Si en la primera parte asistíamos a un ‹neo-noir› frío y metódico, muy “melvilliano”, en este Último robo en Berlín se da paso, sin dejar de lado esa metodología, a un retrato más emocional, a una descripción de un personaje asentado en un sistema, un carácter y un honor, por así decirlo, que se ha quedado anclado en el tiempo. El protagonista, Trojan, parece funcionar como la imagen del cuadro que quieren robar, bello, perenne, estático pero al mismo tiempo sobrepasado por un mundo que se ha movido y un sistema de valores que se ha derrumbado a su alrededor. Por ello, el robo del título sirve como enganche, como disparador de lo que realmente importa en el film, la búsqueda de una conexión, de una humanidad perdida.
En este sentido, y a pesar de su distancia de cámara y de lo grisáceo de su tonalidad, se pueden rastrear aquí y allá tonos más cálidos, aunque sea un tono de luz discreto o una de diálogo sutil. Hay una necesidad no tanto de ejecutar el plan maestro y obtener los pingües beneficios como de sentirse vivo a través de ello. Como si el robo fuera otra forma de acceder a una interacción de proximidad, más humana, más física, más real.
Y en el camino, por supuesto, aparece igual que en la primera parte su contrapartida, una confrontación con lo que viene a ser el espejo amoral del protagonista. Su lucha, aunque también, no es tanto de dos enfoques al respecto de una misma profesión, sino más bien contra todo aquello que Trojan no quiere convertirse, el no confundir la frialdad con la crueldad, la soledad con la misantropía, la profesionalidad con la falta de ética.

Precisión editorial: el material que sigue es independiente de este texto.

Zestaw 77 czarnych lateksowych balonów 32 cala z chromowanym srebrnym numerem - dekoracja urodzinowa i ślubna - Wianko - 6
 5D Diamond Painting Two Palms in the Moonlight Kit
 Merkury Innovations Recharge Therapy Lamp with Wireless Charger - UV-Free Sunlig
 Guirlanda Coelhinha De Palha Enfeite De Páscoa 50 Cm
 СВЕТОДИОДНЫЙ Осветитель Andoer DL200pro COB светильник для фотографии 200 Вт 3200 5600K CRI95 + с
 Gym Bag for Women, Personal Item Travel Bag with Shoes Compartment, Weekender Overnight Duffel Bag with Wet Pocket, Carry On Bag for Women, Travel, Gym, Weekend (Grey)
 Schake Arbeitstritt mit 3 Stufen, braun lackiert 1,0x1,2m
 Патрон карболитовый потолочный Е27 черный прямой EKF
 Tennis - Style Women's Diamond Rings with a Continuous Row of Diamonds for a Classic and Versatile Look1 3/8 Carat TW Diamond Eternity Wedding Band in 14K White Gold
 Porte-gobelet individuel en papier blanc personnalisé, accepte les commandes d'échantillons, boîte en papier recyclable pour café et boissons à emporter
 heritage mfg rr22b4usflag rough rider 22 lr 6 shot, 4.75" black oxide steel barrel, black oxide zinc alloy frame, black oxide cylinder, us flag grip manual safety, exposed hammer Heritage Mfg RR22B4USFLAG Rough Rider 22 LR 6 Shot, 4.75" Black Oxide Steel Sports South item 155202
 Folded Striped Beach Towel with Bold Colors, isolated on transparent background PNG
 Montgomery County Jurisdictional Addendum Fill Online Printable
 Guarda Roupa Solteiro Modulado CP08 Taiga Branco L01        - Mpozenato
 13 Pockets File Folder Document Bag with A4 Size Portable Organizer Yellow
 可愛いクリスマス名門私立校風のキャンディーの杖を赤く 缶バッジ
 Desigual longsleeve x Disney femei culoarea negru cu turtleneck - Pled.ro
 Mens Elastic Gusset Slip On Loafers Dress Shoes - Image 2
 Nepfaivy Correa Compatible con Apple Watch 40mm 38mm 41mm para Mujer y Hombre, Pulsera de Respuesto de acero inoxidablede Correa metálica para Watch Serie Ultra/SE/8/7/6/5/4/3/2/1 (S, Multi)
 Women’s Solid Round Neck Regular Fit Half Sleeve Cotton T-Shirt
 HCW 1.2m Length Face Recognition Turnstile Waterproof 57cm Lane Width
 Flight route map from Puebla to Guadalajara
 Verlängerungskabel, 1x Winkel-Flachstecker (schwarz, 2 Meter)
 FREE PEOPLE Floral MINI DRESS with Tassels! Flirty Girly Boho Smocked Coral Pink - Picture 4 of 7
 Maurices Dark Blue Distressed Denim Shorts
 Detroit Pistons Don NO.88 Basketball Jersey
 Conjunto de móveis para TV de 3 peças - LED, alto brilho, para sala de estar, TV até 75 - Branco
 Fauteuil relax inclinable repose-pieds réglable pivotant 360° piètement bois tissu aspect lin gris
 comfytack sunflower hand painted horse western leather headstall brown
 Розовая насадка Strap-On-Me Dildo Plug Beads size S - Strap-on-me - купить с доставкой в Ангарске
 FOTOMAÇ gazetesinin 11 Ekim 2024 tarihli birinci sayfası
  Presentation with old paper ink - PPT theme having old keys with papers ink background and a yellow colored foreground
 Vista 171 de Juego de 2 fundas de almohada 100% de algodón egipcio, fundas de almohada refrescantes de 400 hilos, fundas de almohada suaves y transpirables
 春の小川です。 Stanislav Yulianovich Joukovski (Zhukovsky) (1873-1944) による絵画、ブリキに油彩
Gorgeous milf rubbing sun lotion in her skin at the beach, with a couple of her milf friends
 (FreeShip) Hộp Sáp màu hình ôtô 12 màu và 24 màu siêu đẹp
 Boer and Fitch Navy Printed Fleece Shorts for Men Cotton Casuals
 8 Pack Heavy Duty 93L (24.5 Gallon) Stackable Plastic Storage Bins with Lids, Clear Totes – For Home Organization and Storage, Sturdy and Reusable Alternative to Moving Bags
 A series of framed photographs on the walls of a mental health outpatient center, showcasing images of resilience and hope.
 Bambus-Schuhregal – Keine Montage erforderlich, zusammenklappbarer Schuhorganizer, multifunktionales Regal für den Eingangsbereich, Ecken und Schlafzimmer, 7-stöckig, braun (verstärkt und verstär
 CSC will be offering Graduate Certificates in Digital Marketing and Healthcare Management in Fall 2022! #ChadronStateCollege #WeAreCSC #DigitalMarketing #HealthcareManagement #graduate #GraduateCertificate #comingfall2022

Sí, en este planteamiento hay mucho del cine Michael Mann, especialmente de Heat, de hecho algunas de las escenas e incluso el conflicto principal entre los opuestos se parecen. Lo fundamental es que Arslan consigue mantener su propia personalidad, haciendo que lo que es un homenaje sentido no acabe siendo una copia sino un punto referencial que asienta el tono y el mensaje. De hecho Arslan no cede ante posibles tentaciones de impacto depurando la obra más y más hasta extremos, por momentos, de desnudez visual y narrativa. ¿El resultado? Una obra seca y áspera, pero que consigue tener alma, calidez humana y, lo más importante, lo hace a través del viaje, de la construcción y no desde una imposición artificial.